> [MATERIAL PROVIDED]
════════════════════
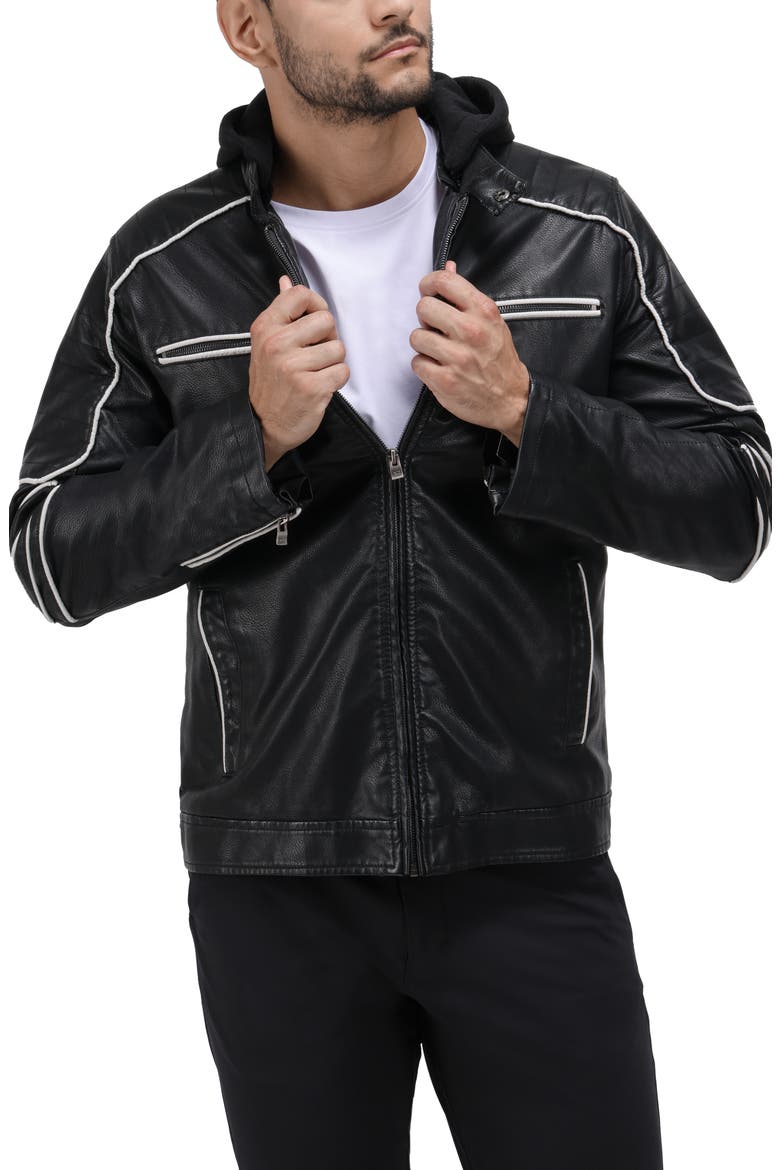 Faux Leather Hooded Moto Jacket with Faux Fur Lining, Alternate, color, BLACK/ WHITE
════════════════════
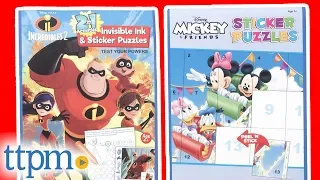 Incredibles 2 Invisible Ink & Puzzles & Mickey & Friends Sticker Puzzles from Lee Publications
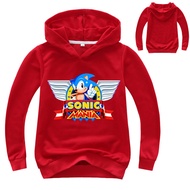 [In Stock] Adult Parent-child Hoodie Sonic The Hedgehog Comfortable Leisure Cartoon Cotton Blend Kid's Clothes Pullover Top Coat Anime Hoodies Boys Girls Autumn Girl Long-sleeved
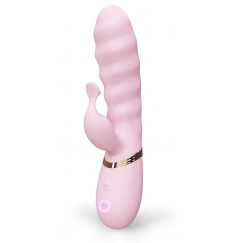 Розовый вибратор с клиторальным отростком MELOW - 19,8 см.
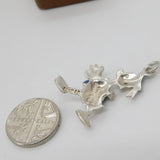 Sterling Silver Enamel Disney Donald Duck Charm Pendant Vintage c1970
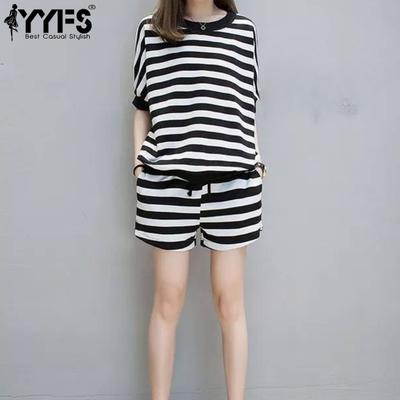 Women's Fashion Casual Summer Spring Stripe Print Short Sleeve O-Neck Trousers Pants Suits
════════════════════
> [WHAT YOU ARE ASKED TO DO]
Copy out the listing above from the line containing "Sterling Silver Enamel" to the line containing "Women's Fashion Casual", both included, exactly as written and minus the images.

> [ANSWER FOR THE TASK]
 Sterling Silver Enamel Disney Donald Duck Charm Pendant Vintage c1970
 Women's Fashion Casual Summer Spring Stripe Print Short Sleeve O-Neck Trousers Pants Suits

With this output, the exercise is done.